From my perspective we have much more general things to solve in
nutch (manageability, monitoring, ndfs block based task-routing, more
dynamic search servers) than improving thing we already have.
Anyway as you may know we have a plugin system and one goal of the
plugin system is to give developers the freedom to develop custom
plugins. :-)
Cheers,
Stefan
B-)
P.S. Do you think it makes sense to run another public nutch mailing
list, since 'THE nutch [...]' (mailing list is nutch-
[EMAIL PROTECTED]), 'Isn't it?'
http://www.mail-archive.com/[email protected]/msg01513.html
Am 24.11.2005 um 19:28 schrieb Jérôme Charron:
Hi Stefan,
And thanks for taking time to read the doc and giving us your
feedback.
-1!
Xsl is terrible slow!
Xml will blow up memory and storage usage.
But there still something I don't understand...
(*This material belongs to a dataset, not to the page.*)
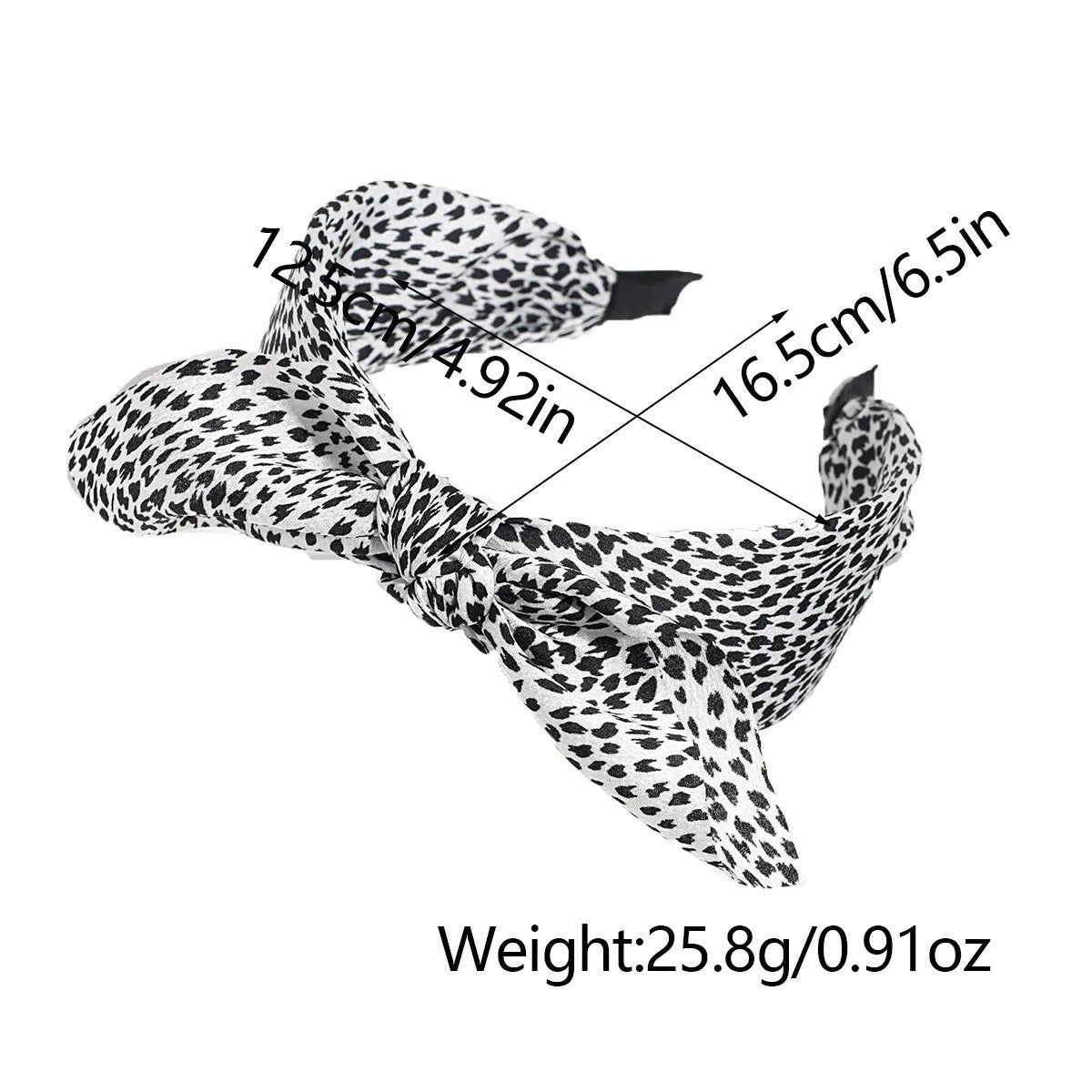 A black and white leopard print retro bow hairband shown against a white background.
Regarding a previous discussion we had about the use of OpenSearch
API to
replace Servlet => HTML by Servlet => XML => HTML (using xsl),
here is a copy of one of my comment:
In my opinion, it is the front-end "dreamed" architecture. But more
pragmatically, I'm not sure it's a good idea. XSL transformation is a
rather slow process!! And the Nutch front-end must be very responsive.
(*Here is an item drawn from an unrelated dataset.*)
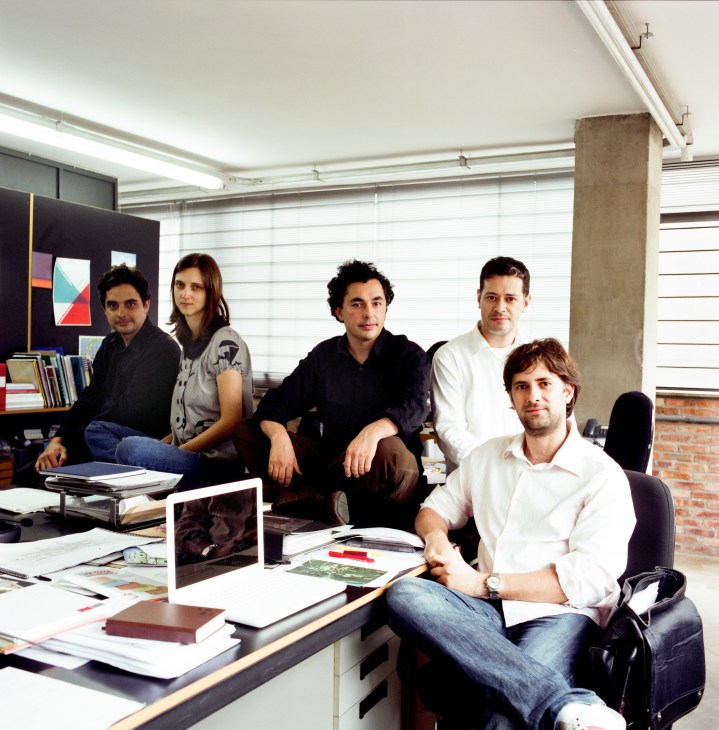 Five professionals posing in a modern office with concrete column and shelving, representing Arquitetos Associados.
and then your response and Doug response too:
Stefan:
We already done experiments using XSLT.
There are some ways to improve speed, however it is 20 ++ % slower
then jsp.
Doug:
I don't think this would make a significant impact on overall Nutch
search
performance.
(the complete thread is available at
http://www.mail-archive.com/[email protected]/
msg03811.html
)
I'm a little bit confused... why the use of xsl must be considered
as too
time and memory expansive in the back-end process,
but not in the front-end?
Dublin core may is good for semantic web, but not for a content
storage.
It is not used as a content storage, but just as an intermediate
step: the
output of the xsl transformation, that will be then indexed using
standard
nutch APIs.
(notice that this xml file schema is perfectly mapped to Parse and
ParseData
objects)
In general the goal must be to minimalize memory usage and improve
performance such a parser would increase memory usage and definitely
slow down parsing.
Not improving the flexibility, extensibility and features?
Jérôme
--
http://motrech.free.fr/
http://www.frutch.org/
-------------------------------------------------------
This SF.net email is sponsored by: Splunk Inc. Do you grep through log files
for problems? Stop! Download the new AJAX search engine that makes
searching your log files as easy as surfing the web. DOWNLOAD SPLUNK!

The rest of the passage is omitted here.